▶ **Collected material**
####################

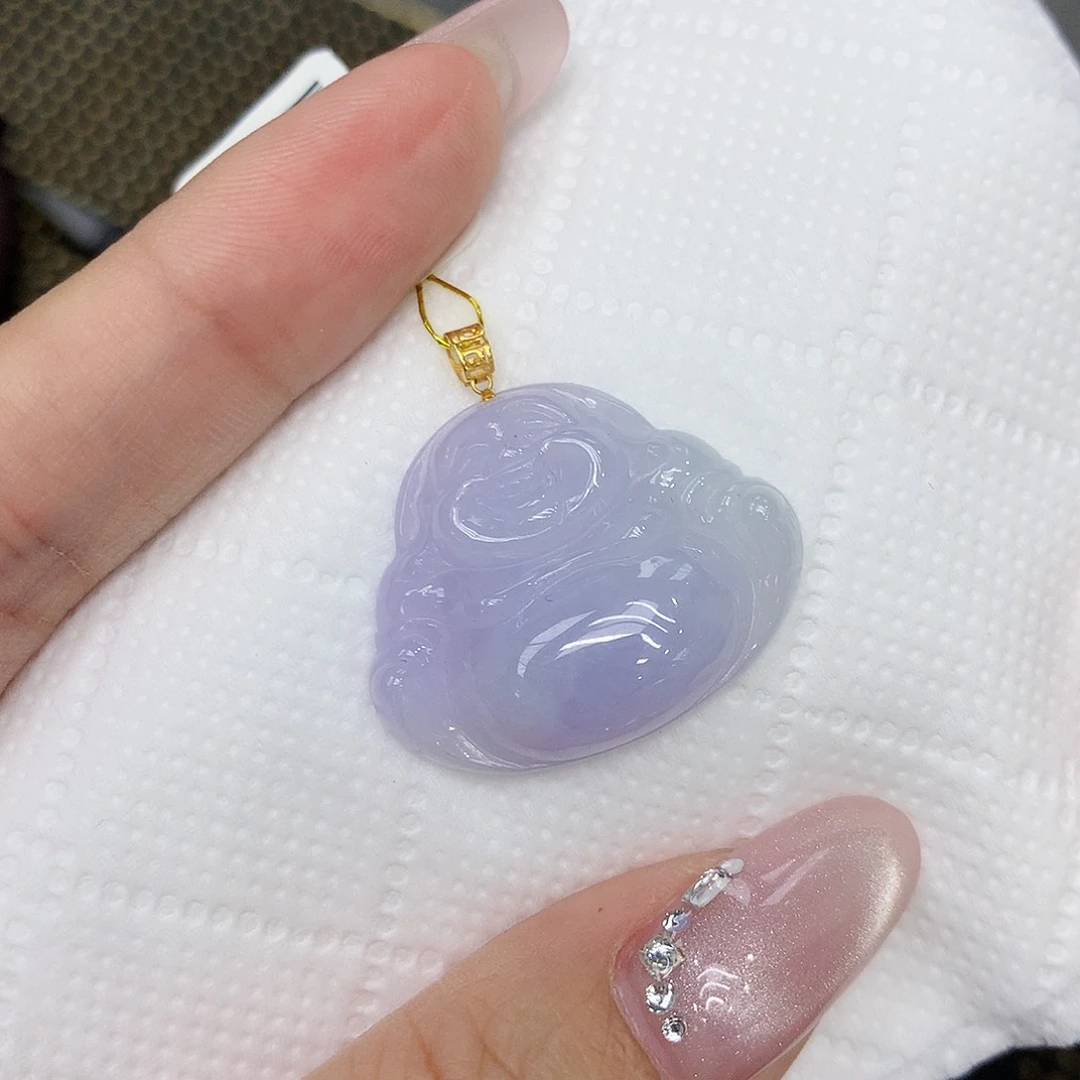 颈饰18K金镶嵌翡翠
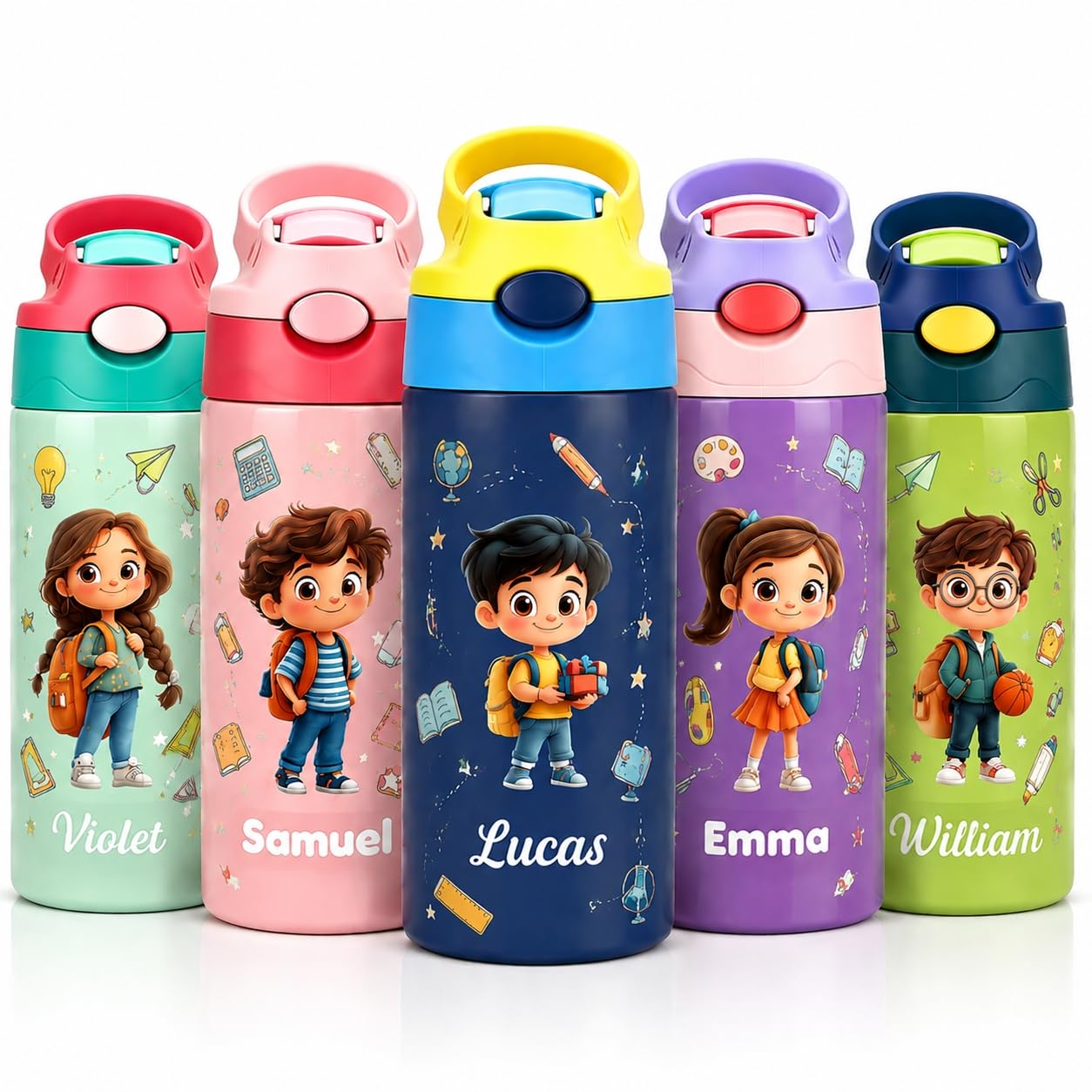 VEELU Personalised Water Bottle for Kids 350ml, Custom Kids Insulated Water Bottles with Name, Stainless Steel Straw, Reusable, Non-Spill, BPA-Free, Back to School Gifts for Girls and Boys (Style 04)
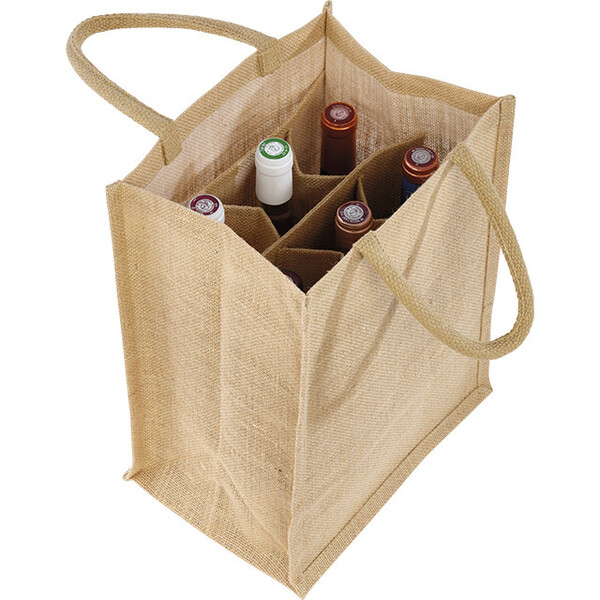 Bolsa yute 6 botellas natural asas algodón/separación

####################

▶ **Work task**
Please reproduce the listing exactly, leaving out any pictures.

▶ **Expected output**
 颈饰18K金镶嵌翡翠
 VEELU Personalised Water Bottle for Kids 350ml, Custom Kids Insulated Water Bottles with Name, Stainless Steel Straw, Reusable, Non-Spill, BPA-Free, Back to School Gifts for Girls and Boys (Style 04)
 Bolsa yute 6 botellas natural asas algodón/separación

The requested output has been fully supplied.